On the voltage issue, they did not say it was requesting an out of spec voltage, they said it was incorrect. This is not necessarily detectable out of context. Dynamic voltage and frequency scaling and all the analog issues that go with it are fiendishly complicated, voltage requested from a regulator is not what gets seen at any given component of the chip, loads, switching, capacitance, frequency, temperature, etc., can all conspire to change these things. And modern CPUs run as close to absolute minimum voltage/timing guard bands as possible to improve efficiency, and they boost up to as high voltages as they can to increase performance. A small bug or error in some characterization data in this very complicated algorithm of many variables and large multi dimensional tables could easily cause voltage/timing to go out of spec and cause instability. And it does not necessarily leave some nice log you can debug because you can't measure voltage from all billion components in the chip on a continuous basis.

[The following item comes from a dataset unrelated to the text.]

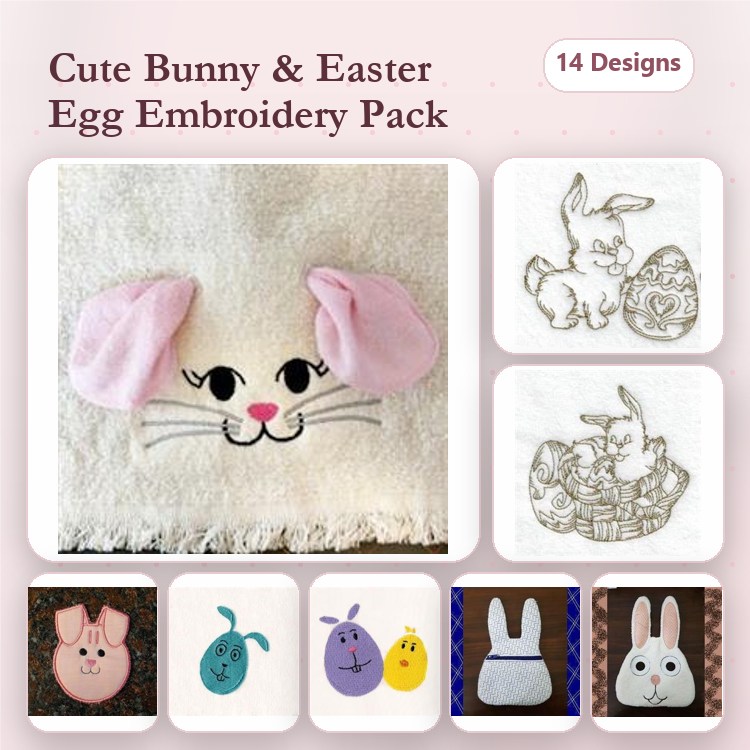 Bunny & Easter Egg Embroidery Designs Bundle – Bunny Face, Bunny in Basket, Bunny with Heart & More (14 Designs)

And some bugs just take a while to find and fix. I'm not a tester per se but I found a logic bug in a CPU (not Intel but commercial CPU) that was quickly reproducible and resulted in a very hard lockup of a unit in the core, but it still took weeks to find it. Imagine some ephemeral analog bug lurking in a dusty corner of their operating envelope.

Then you actually have to develop the fix, then you have to run that fix through quite a rigorous testing process and get reasonable confidence that it solves the problem, before you would even make this announcement to say you've solved it. Add N more weeks for that.

So, not to say a dishonest or bad motivation from Intel is out of the question. But it seems impossible to make such speculations from the information we have. This announcement would be quite believable to me.

2 comments

I agree with most of what you said, so cherry picking one thingy to reply to isn't my intention, but

"And some bugs just take a while to find and fix."

I think it's less that it took awhile to find the bug/etc, more so that they've been pretty much radio silent for six months. AMD had the issue with burning 7 series CPUs, they were quick to at least put out a statement that they'll make customers whole again.

Well as it comes to Intel executive management and PR, I'm entirely unqualified to make any educated comment or speculation about it. I can't say I'm aware of Intel ever having great renown for its handling of product defects though.
Oh, I'm certainly the same, just some rando enjoying my popcorn.
> As you see it's very hard from the outside to know if something can be reasonably fixed by microcode or to call it a "microcode issue

They claimed:

> a microcode algorithm resulting in incorrect voltage requests to the processor.

I was responding in context of OP's theory that their statement may not be entirely truthful.
The thing is, "incorrect" implies the existence of a static "correct". Which I interpret as a static spec which a microcode bug violated and could be fixed back to that static spec with a simple microcode update.

I do find your suggested scenario to be very plausible. That Intel have discovered their original voltage algorithm was flawed, leading to instability. And it is very feasible that simply updating the microcode is the correct fix for such an issue.

If Intel had explicitly stated that the original voltage algorithm spec was wrong, and the new one fixes the issue, I'd be pretty willing to believe them, and probably wouldn't have written that comment.

I'm not saying your integration of "incorrect voltage" as meaning "voltage that we now know causes instability" is wrong. It's an ambiguous statement and either interpretation is valid. But I have experience working with PR people, they know how to avoid ambiguous statements.

PR people are also experts at using ambiguous statements to their advantage. Crafting statements where not only are there multiple possible interoperation, but statements where the average reader will tend to interpret in the best possible way. I have experience in helping PR people to craft such statements. There are a few other examples of "ambitious statements" in that statement, which leads me to question the honesty of the whole thing.